▶ Task directions
Starting with the line with "3100 E 24th" in the entries below and going on through the line with "All Office Supplies", output every line exactly and nothing more. No pictures.

▶ Source data

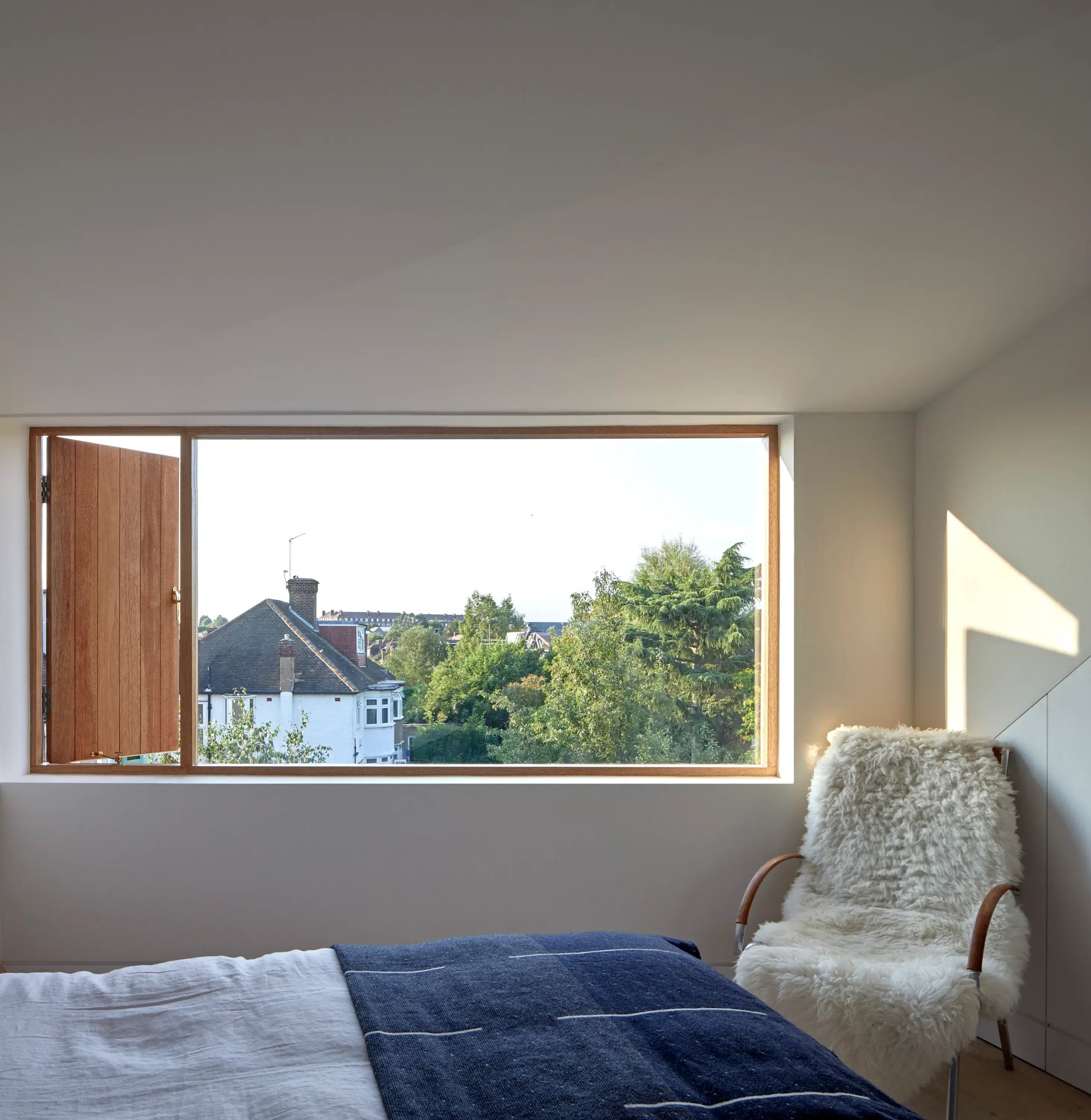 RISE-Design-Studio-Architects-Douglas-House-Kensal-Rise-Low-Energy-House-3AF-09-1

--

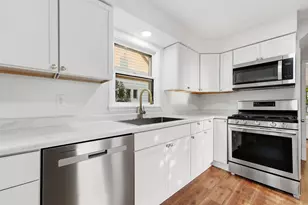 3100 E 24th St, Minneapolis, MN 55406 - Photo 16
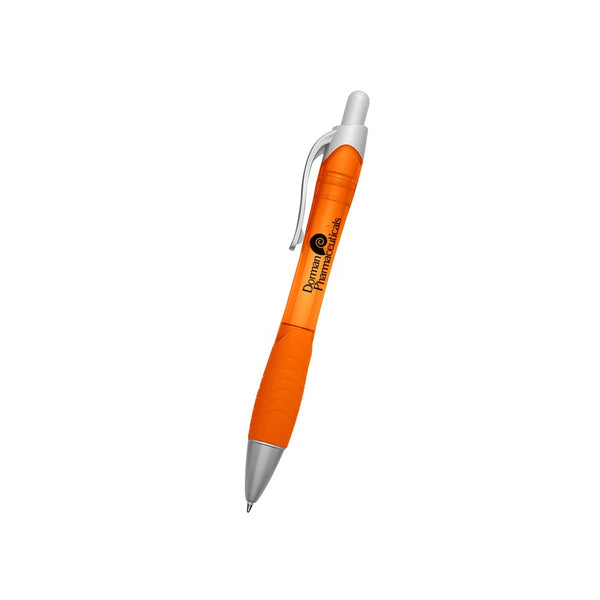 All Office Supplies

* * *

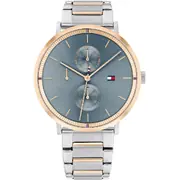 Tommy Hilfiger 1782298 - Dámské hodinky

▶ Exercise result
 3100 E 24th St, Minneapolis, MN 55406 - Photo 16
 All Office Supplies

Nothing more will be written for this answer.